#### [Directions for this task]
Exact retyping of the data: please keep every word and drop each picture.

** Recorded data follows **

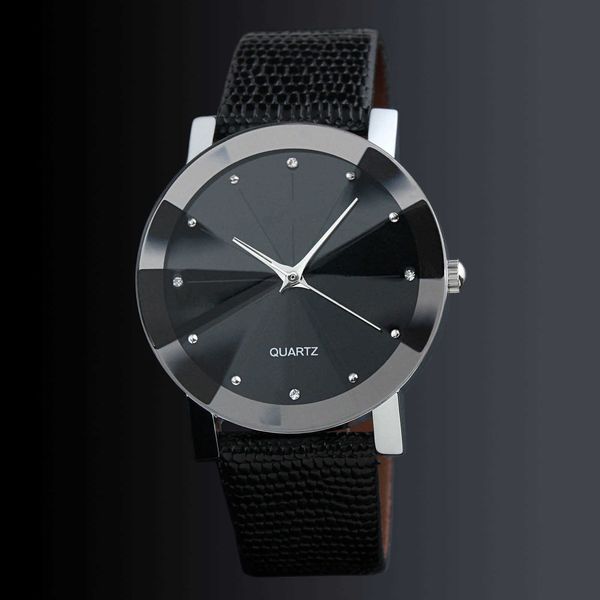 watches fashionable casual strap watch es leisure lovers men and women serpentine belt students children wholesale rnjj yzuc, Slivery;brown
watches fashionable casual strap watch es leisure lovers men and women serpentine belt students children wholesale rnjj yzuc, Slivery;brown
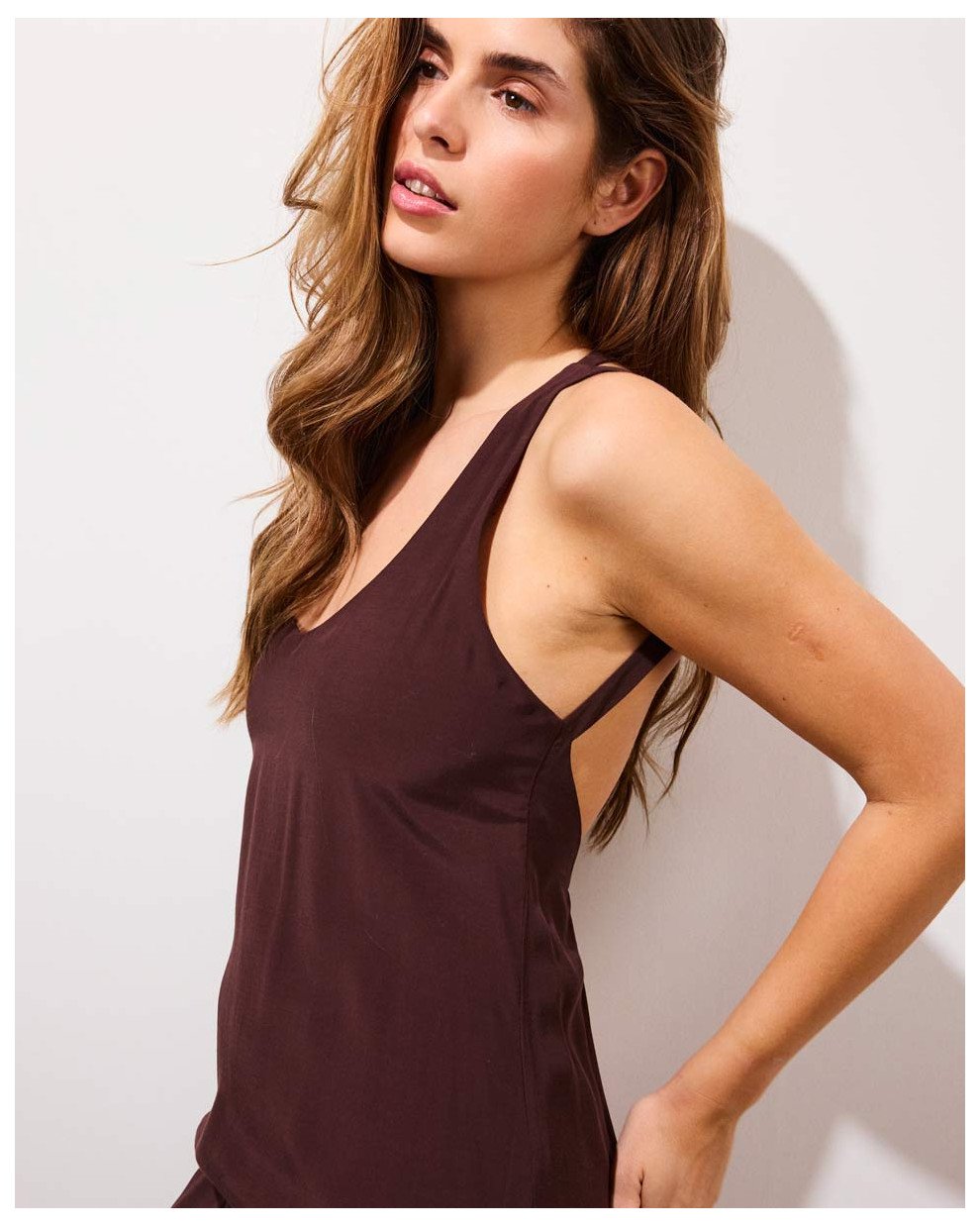 joga-long-dress (6).jpg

** End of Recorded data **

#### [Output]
 watches fashionable casual strap watch es leisure lovers men and women serpentine belt students children wholesale rnjj yzuc, Slivery;brown
watches fashionable casual strap watch es leisure lovers men and women serpentine belt students children wholesale rnjj yzuc, Slivery;brown
 joga-long-dress (6).jpg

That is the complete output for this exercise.